THE GOVERNMENT will become one of the biggest players in the commercial property services market following Quotable Value's (QV) takeover of DTZ.
QV has been in negotiations to buy the New Zealand arm of DTZ, a large publicly listed valuation and property management company based in the UK.
Neither company was responding to calls on the subject last week, but the Sunday Star-Times understands that DTZ's staff have been told the takeover will proceed and both sides have been putting the finishing touches to the deal.
QV is a state-owned enterprise and its takeover of DTZ will create a property services company with turnover of nearly $70 million, making its easily the biggest property services company operating in the commercial property market.
The current largest player is believed to be Colliers International which has annual revenue of more than $50m if the business of its franchised offices outside Auckland is included in its figures.
Another major player, Bayleys, is privately owned and does not publish its accounts. There are also significant regional players such as Simes in the South Island and Barfoot & Thompson in Auckland.
QV has been in expansion mode for several years, moving into the Australian market and acquiring Darroch Valuations in this country. It is likely to incorporate DTZ into Darrochs once the takeover is complete.
The takeover will also take QV into new territory.

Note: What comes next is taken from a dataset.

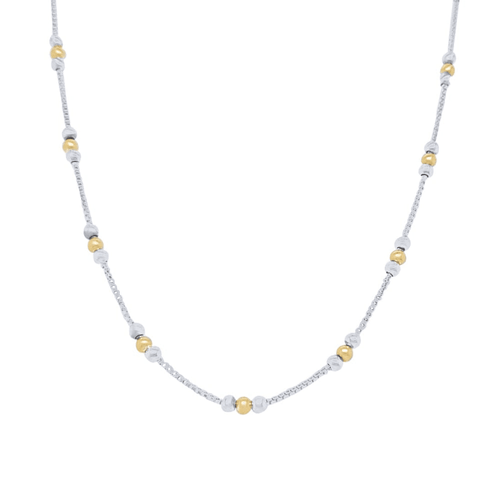 3mm Ball Station Box Chain Necklace in Sterling Silver 45cm Necklaces Bevilles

DTZ has a large property services business which the Star-Times understands has contracts with both government departments and corporates which are major occupiers of commercial space, including BNZ, Transit NZ, Inland Revenue, Office of Treaty Settlements and Land Information NZ.
The merger will create a situation where one government agency is a major provider of services to other government agencies, in competition with private sector players, a prospect already raising eyebrows in the industry.

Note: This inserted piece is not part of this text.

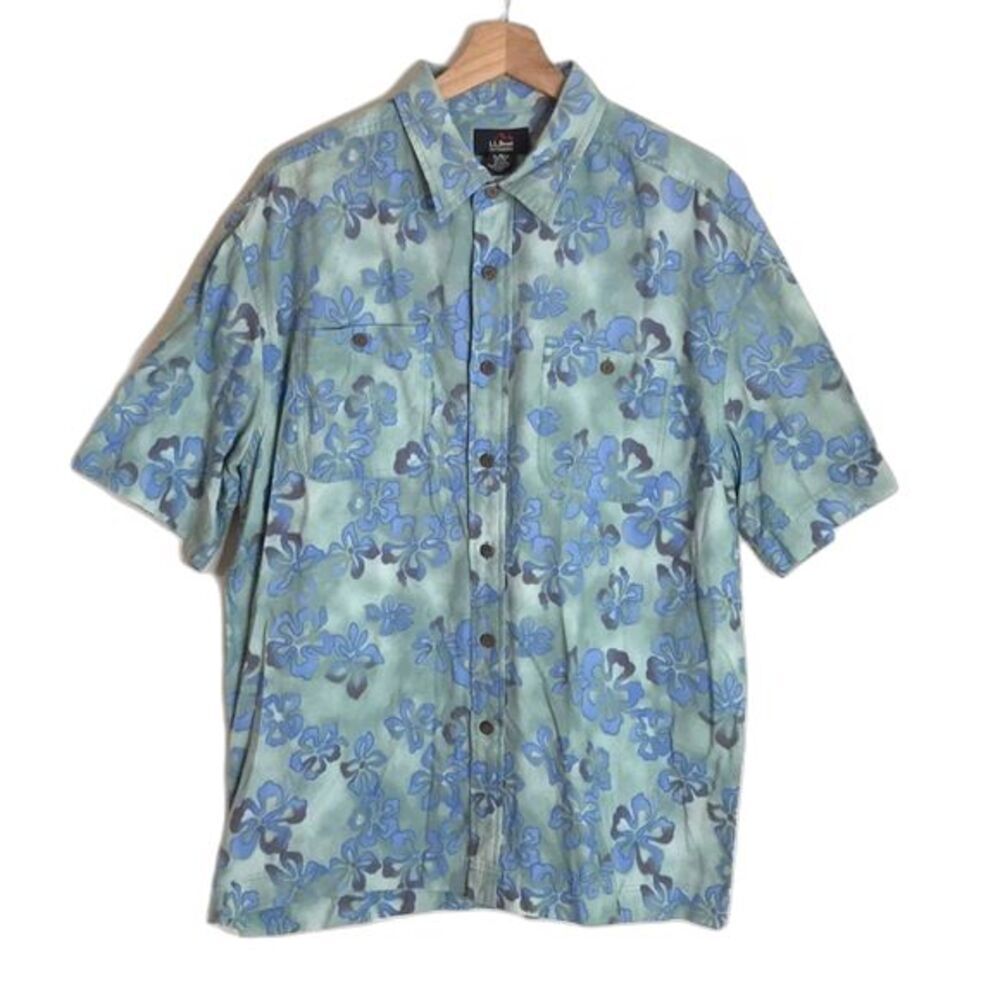 L.L. bean outdoors mens button up nylon floral short sleeve shirt size large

The move also comes at a time when the property downturn has had a major impact on property services providers, with many companies posting losses over the past year and others showing substantially reduced profits.
That is likely to lead to further rationalisation within the industry, which in turn is expected to increase the dominance of the major firms.
Colliers managing director Mark Synnott said although his company had grown its revenue over the past year, this had been achieved by acquisition and opening new offices. Even so, it barely stayed in the black.
On a like for like basis, Colliers suffered a 10% drop of revenue in 2008 (compared with 2007) and revenues would be flat this year, he said.
"There's no question that by maintaining revenue at 10% less than our best year ever in 2007, we have gained market share. In this pretty tough environment, if you can hold your own you are gaining market share because most other firms are contracting."
Synnott expected it would be the smaller firms that would be hardest hit. He did not expect any other major players to withdraw from the NZ market or be taken over as a result of the tougher economic conditions.
However, Colliers had been quick to capitalise on problems at DTZ, which had been losing money and closed some branches.
When DTZ closed its Dunedin office, Colliers opened its first office in the city and hired several former DTZ staffers.
"We would not have opened our Dunedin office if DTZ had not closed theirs," Synnott said.
Colliers had also hired several former DTZ valuers to set up a new industrial and suburban valuation arm.
And two weeks ago, DTZ's director of property services, Don Smith, also jumped ship to Colliers, where he will be setting up a new occupier services unit to compete against his former employer.
Synnott said it was the office leasing business which was struggling the most this year. Last year, it had been the sales side of the business which was hardest hit, but sales had bounced back this year.
The valuation and property management arms had held up pretty well, he said.